Thursday, December 1 – Text of Light and films by László Moholy-Nagy

The Art Institute of Chicago, Rubloff Auditorium  (please use Modern Wing entrance, 159 E. Monroe Street)
FREE, registration required. Register here. 

Still from Lightplay: Black, White, Gray (László Moholy-Nagy, 1930).
Still from Lightplay: Black-White-Gray (László Moholy-Nagy, 1930).

Film and photography played central roles in the work of pioneering artist and designer László Moholy-Nagy, who experimented with light, abstraction, and staccato montage throughout his career. For this program, the improvisational group Text of Light, led by guitarists Lee Ranaldo and Alan Licht, performs alongside a selection of Moholy-Nagy’s radically inventive works including the spectacular Lightplay: Black-White-Gray (1930) and Berlin Still Life (1932), a portrait of the city’s economic climate in the years leading up to World War II. Joined by percussionist Tim Barnes, the musicians layer guitar, effects, and low-grade feedback, playing off one another to generate new aural spaces and insight to Moholy-Nagy’s visionary work. 

1929–2016, Germany/France/USA, multiple formats, ca 50 min

Presented in collaboration with the Art Institute of Chicago in conjunction with Moholy-Nagy: Future Present.

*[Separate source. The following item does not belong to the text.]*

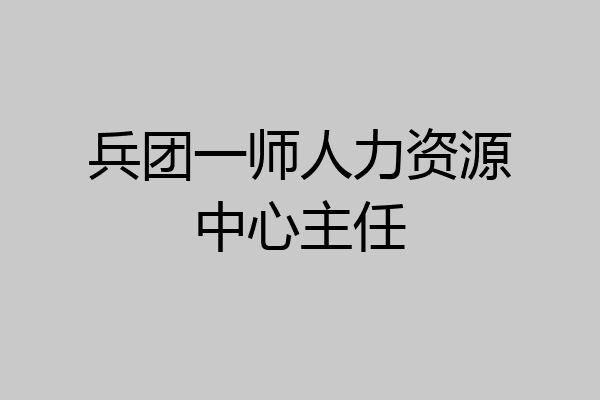 兵团一师人力资源中心主任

Text of Light (2000) is a collective of experimental musicians who perform live, improvised scores to works by American avant-garde filmmakers, primarily of the 1950s and ‘60s. The group has performed at the Victoriaville Music Festival, Canada; Three Rivers Film Festival, Pittsburgh; Walker Art Center, Minneapolis; Centre Georges Pompidou, Paris; and the Whitney Museum, New York; and toured Europe in addition to playing various clubs and cinemas in New York and elsewhere. Founded by Lee Ranaldo and Alan Licht, members of the group have included Christian Marclay, DJ Olive, William Hooker, Ulrich Krieger, and Tim Barnes.

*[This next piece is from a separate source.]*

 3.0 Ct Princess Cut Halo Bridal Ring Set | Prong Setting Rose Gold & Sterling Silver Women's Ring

László Moholy-Nagy (b. 1895, Borsód, Austria-Hungary; d. 1946, Chicago) was an abstract painter, designer, typographer, photographer, filmmaker, and theorist who believed in the integration of technology and industry into the arts. He was an influential professor at the Weimar and Dessau Bauhaus and established the highly influential Institute of Design in Chicago. His posthumous exhibitions include In Memoriam: László Moholy-Nagy, the Museum of Non-Objective Painting, New York (1947); László Moholy-Nagy, Museum of Contemporary Art, Chicago, and Solomon R. Guggenheim Museum, New York (1969); László Moholy-Nagy, Instituto Valenciano de Arte Moderno Centre Julio Gonzalez, Valencia, Spain (1991); Technical Detours: The Early Works of Moholy-Nagy Reconsidered, Art Gallery of the CUNY Graduate Center, New York (2006); Laszlo Moholy-Nagy: Retrospektive, Schirn Kunsthalle, Frankfurt (2010); Moholy-Nagy: El arte de la Luz, Circulo de bellas artes, Madrid (2010); and Moholy-Nagy: Future Present, Solomon R. Guggenheim Museum, New York, Art Institute of Chicago, and the Los Angeles County Museum of Art (2016–17).